SS 3.0: Tidy error log file is being used by another process

Hello:

I'm trying to run down the cause of missing output records due to skipped input files. It appears that because the tidy error log file is being used, the scraping engine skips the file. I get the following error in the error.log file:

An error occurred while generating the Tidy error log file: E:\Program Files\screen-scraper pro\log\tidy.log (The process cannot access the file because it is being used by another process)

On 12,334 input files, about 71 files are missing from the output. On another test of this input data file, 26 ouput records were missing, and 24 error lines above were in the tidy error.log file. But inspection of the session log file (captured to disk) reveals all 26 tidy error messages, so 2 of the errors weren't captured to the tidy error.log file.

On a run last night (3/20/2007), there were 119 skipped files, with 117 noted in the tidy error.log. They are random, with no obvious pattern between subsequent runs.

On 196 input files, 1 file is missing, and receive 1 error message above in error.log

I'm running this with only one (1) maximum concurrent scraping sessions. But this happens with either max 5 or max 1 simultaneous sessions. I extended the timeout delay on Settings | Data Extractor Timeout from 1 sec to 10 secs, but still get the error.

Any help with this would be appreciated.

-- Roy Zider

SS 3.0: Tidy error log file is being used by another process

Todd:

GOT IT -- four perfect runs in a row.

(ddt read dpfname)   2132 seconds elapsed time
(ddt read dpfname)   12334 records read, 347.1 per min.
(ddt read dpfname)   12334 records completed.

(ddt read dpfname) Closed and done. (3/28/07 9:06 PM)

I change some of the FileWriter code, principally leaving the file open and flushing, closing at end.

I'll update with details if I can.

Thanks for your help -- this has been a terribly vexing problem for some time, and now appears to be solved.

-- Roy

SS 3.0: Tidy error log file is being used by another process

Thanks for the clarification, Roy. Just to summarize, it sounds like the main issue you're now dealing with is missing records, which seems to be due to this error:

(ddt lotdetail) Writing data to a file.
lotDetailscrape: An error occurred while processing the script: Sothebys
- write lotDetail data
lotDetailscrape: The error message was: The application script threw an
exception: java.io.FileNotFoundException: zzerrout.txt (The process
cannot access the file because it is being used by another process) BSF
info: null at line: 0 column: columnNo

Is that correct? Or are you suspicious that it may be missing records because of some other problem outside of that particular error?

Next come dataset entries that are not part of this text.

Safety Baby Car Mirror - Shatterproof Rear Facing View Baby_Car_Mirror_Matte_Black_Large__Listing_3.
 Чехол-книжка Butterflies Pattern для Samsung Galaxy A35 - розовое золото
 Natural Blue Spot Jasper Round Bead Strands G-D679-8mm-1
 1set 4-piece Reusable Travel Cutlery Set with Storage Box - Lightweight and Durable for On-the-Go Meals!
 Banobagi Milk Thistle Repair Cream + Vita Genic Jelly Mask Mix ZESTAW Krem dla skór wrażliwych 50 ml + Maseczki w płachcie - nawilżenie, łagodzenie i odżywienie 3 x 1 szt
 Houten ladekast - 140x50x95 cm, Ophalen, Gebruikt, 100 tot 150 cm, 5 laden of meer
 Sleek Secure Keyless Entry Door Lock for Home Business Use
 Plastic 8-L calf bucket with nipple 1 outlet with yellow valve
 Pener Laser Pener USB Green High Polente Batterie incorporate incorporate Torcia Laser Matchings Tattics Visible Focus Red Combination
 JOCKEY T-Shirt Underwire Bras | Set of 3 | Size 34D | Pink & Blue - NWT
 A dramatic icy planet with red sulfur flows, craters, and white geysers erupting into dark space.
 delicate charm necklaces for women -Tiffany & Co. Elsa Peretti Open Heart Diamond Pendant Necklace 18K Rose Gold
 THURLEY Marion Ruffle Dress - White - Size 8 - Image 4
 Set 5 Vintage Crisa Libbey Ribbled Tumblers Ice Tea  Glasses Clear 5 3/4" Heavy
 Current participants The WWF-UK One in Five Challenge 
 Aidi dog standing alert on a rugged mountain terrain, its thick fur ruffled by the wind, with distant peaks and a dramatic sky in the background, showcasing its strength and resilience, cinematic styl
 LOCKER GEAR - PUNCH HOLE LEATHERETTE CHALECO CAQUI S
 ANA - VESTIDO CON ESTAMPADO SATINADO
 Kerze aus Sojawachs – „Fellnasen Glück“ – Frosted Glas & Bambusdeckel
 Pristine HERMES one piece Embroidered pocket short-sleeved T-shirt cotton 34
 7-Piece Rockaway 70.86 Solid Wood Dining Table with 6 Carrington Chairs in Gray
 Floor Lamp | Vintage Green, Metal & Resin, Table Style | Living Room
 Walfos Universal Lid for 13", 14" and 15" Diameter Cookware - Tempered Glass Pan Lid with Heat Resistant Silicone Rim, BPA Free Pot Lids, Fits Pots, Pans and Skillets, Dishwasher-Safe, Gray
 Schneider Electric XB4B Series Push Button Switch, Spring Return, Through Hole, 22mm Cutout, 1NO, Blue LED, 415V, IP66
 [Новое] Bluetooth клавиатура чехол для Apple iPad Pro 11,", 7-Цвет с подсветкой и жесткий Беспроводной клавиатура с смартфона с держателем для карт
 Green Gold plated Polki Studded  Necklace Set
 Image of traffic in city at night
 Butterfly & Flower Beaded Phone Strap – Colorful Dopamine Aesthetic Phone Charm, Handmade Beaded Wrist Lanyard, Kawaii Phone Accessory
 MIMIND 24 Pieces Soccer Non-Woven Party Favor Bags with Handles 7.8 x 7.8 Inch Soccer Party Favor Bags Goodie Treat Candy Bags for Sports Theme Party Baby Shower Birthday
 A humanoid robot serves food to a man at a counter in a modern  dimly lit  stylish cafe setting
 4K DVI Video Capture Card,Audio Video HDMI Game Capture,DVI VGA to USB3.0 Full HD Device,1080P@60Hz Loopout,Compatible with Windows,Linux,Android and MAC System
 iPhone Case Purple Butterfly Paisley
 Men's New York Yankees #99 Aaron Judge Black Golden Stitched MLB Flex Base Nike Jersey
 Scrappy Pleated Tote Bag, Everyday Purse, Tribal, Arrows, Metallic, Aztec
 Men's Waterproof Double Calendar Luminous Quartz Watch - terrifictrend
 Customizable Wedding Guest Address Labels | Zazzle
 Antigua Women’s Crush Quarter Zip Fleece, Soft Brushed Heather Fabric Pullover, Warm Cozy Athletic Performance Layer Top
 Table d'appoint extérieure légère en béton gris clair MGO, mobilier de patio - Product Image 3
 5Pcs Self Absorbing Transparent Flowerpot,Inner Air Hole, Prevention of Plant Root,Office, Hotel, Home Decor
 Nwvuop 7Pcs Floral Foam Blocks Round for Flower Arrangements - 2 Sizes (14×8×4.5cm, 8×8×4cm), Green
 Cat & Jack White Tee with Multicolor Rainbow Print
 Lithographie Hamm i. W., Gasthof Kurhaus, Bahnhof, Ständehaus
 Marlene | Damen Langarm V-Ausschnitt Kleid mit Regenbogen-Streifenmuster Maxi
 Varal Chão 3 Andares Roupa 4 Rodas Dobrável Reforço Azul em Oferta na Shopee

In regard to this error, it's going to be a bit tricky because it's happening outside of screen-scraper's control. That is, as with the tidying issue, the Java Virtual Machine is apparently having trouble locking and unlocking files in a timely manner, such that it's interfering with your program flow. Previously we were able to resolve this by simply ceasing to write to the tidy.log file. In this case, however, you need to write to your file.

Here are a few ideas that come to mind:

- Write your data to separate files, then merge them afterward. If you can find a way to write to multiple files such that you can pretty well guarantee they won't be locked when they're to be written to, you may be able to resolve the issue.
- Read up a bit more on methods to write to files. There may be alternative Java classes and such you could use for this purpose that may work better than your current method.
- Similar to the previous suggestion, you might simply alter the way you're handling writing to the file. For example, an alternative approach may be to open the FileWriter at the very beginning of your scraping session, then store it in a session variable. In any script where you need to write to the file, you would pull the FileWriter out of the session variable, write the data, flush it (so that you can ensure it actually gets written and not buffered in memory), then leave it open. At the very end of your scraping session you'd want to close the FileWriter.
- I think you already tried this, and it's not a very elegant solution, but you may just insert pauses at key points to see if that allows the JVM sufficient time to close up the file.
- Write the data to a database instead of a file. This would probably be the most robust solution, but would also be a fair amount of work. You might take a look at our fifth tutorial to see if this seems viable for you ([url]http://www.screen-scraper.com/support/tutorials/tutorial5/tutorial_overview.php[/url]).

Hopefully those suggestions help. Feel free to reply back if I can help further.

Todd

SS 3.0: Tidy error log file is being used by another process

Hi Todd:

Sorry this is so confusing. Let me clarify things.

1. I'm running on Windows XP SP2, on top of a dual CPU platform (Tyan MPX with 2x AMD MP 2000+ CPUs).

2. I'm generally invoking the program from the command line, with driver scripts inside SS running the session and reading and writing files.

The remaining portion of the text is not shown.